BELLEFONTE, Pa. - Former Penn State assistant football coach Mike McQueary told the jurors in Jerry Sandusky’s sex abuse trial Tuesday that he saw his ex-colleague with a prepubescent boy in an on-campus shower and that he heard a “skin-on-skin smacking sound.’’
His account of the night differed little from his testimony in December at a preliminary hearing for Penn State administrators Tim Curley and Gary Schultz, who kept a secret file on Sandusky, according to media reports.
The one difference: He said the shower encounter took place in 2001 instead of 2002.
But the effect of what he saw, and heard, was unchanged, he said, responding to questions from Senior Deputy Attorney General Joseph McGettigan.
Sandusky faces 52 criminal counts related to the alleged assaults of 10 boys during a 15-year period.
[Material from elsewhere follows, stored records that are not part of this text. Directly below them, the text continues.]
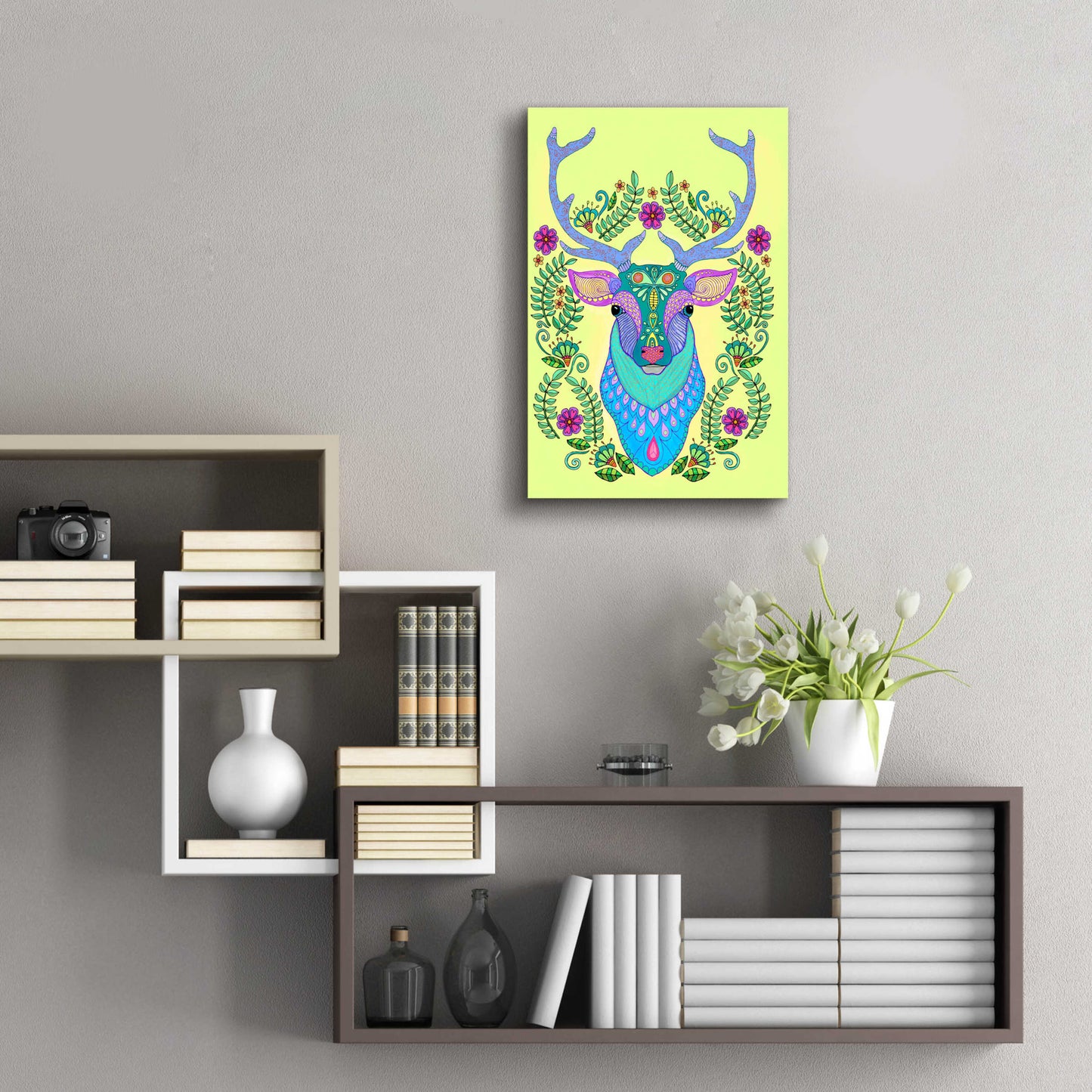 Epic Art 'Animals 19 color' by Hello Angel, Acrylic Glass Wall Art,16x24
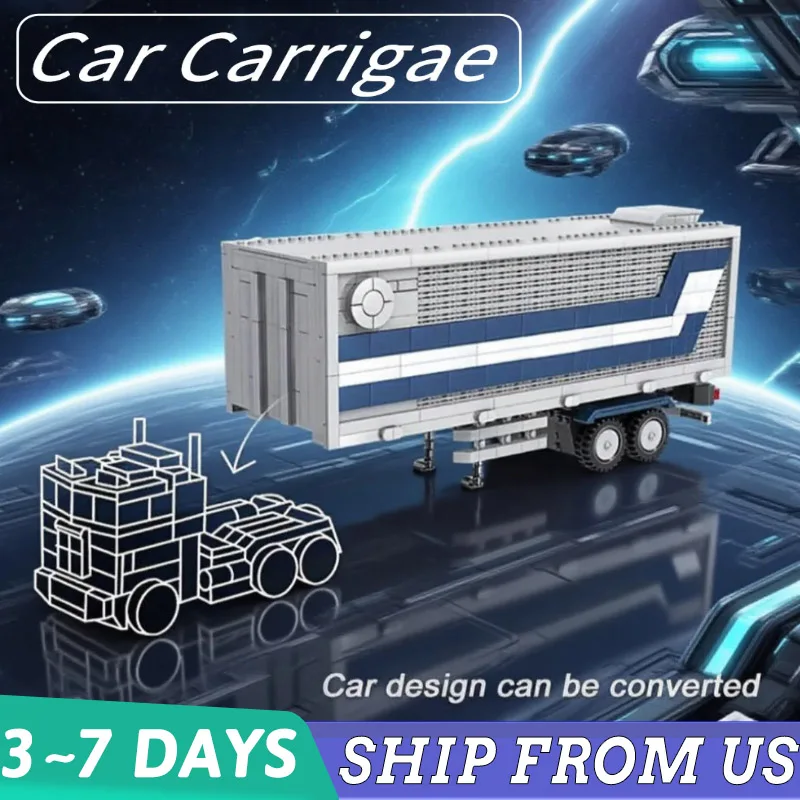 

1766 PCS Compatible Truck Combined Carriage Building Block Model Educational Brick Toys For Boy Birthday Christmas Gift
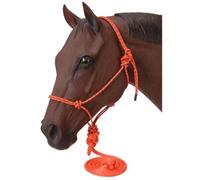 Tough 1 Cespuglio con Corda in Poliestere Resistente con guinzaglio, 50-1010-39-0, Arancione, Cavallo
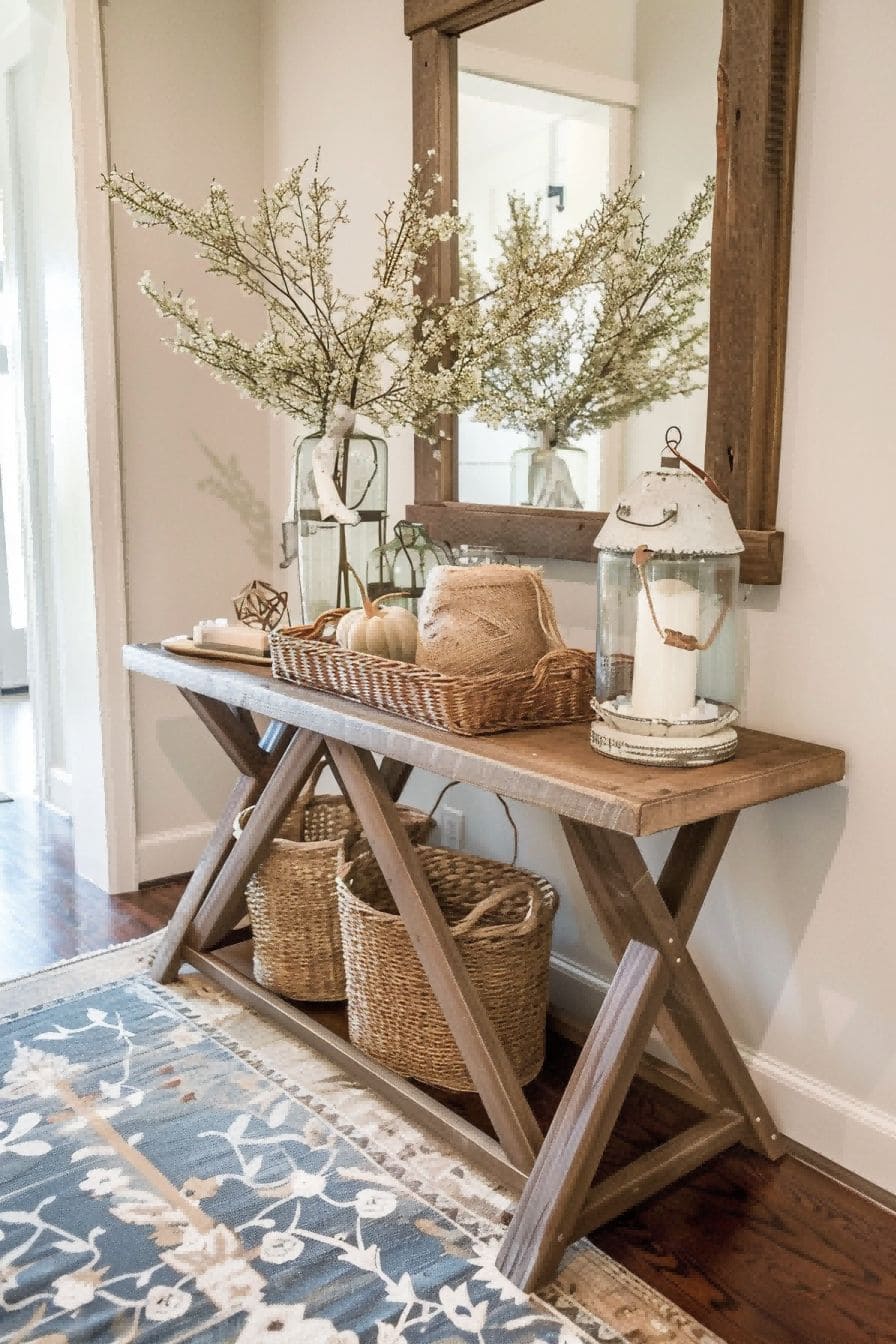 Show Off Your Loved Ones For Entryway Table Decor Ide 1711643255 3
Authorities allege that Sandusky abused boys at his home and inside the football team’s on-campus facilities, among other places.
McQueary told the jury that he was at home, in bed, watching the film “Rudy,’’ when he decided to go to the football team building. He said he walked into the support staff locker room to put away a pair of new sneakers and, as he opened the door, he heard the noise.
“Very much skin-on-skin smacking sound,’’ he said. “I immediately became alert and was kind of embarrassed that I was walking in on something.’’
He said that he turned and glanced over his right shoulder at a mirror that had a 45-degree angle and saw Sandusky “standing behind a boy who was propped up against a wall.’’ He estimated the boy to be 10 to 12 years old.
He said that the “boy’s hands [were] up on the wall. The glance would have taken only one or two seconds. I immediately turned back to my locker to make sure I saw what I saw.’’
McQueary said he looked directly into the shower and saw Sandusky “standing right up against the back of a young boy’’ with his arms around his midsection - “the closest proximity that I think you can be in.’’
When asked what he saw, McQueary said “the defendant’s midsection was moving’’ subtly.
McQueary said he tried to think and then put his shoes in his locker and slammed it shut, hard.
“I made the loud noise in an attempt to say, ‘Someone’s here! Break it up!’ ’’ said McQueary, adding that he stepped closer to the opening of the shower room and saw they were separated and facing him directly.
“We looked directly in each other’s eyes and at that time I left the locker room,’’ he said.
“It was more than my brain could handle. I was making decisions on the fly. I picked up the phone and called my father to get advice from the person I trusted most in my life, because I just saw something ridiculous.’’
He said he was very vague on the phone, and that his father told him to leave immediately and come to the house.
McQueary said he went to head coach Joe Paterno’s house the next morning and relayed what he had seen, but did not describe the act explicitly, out of respect for the coach and his own embarrassment.
He said Curley called him a week after the talk with Paterno, and he attended a meeting with him and Schultz. They “just listened to what I had said,’’ McQueary testified. About a week or two later, he said, Curley told him they had looked into it.
McQueary’s testimony came after a teen-ager told jurors that a school district guidance counselor initially didn’t believe his abuse claims because the former coach had “a heart of gold.’’
The teen, labeled Victim No. 1 by a grand jury, tearfully recounted repeated instances of abuse, which he said included kissing, fondling, and oral sex.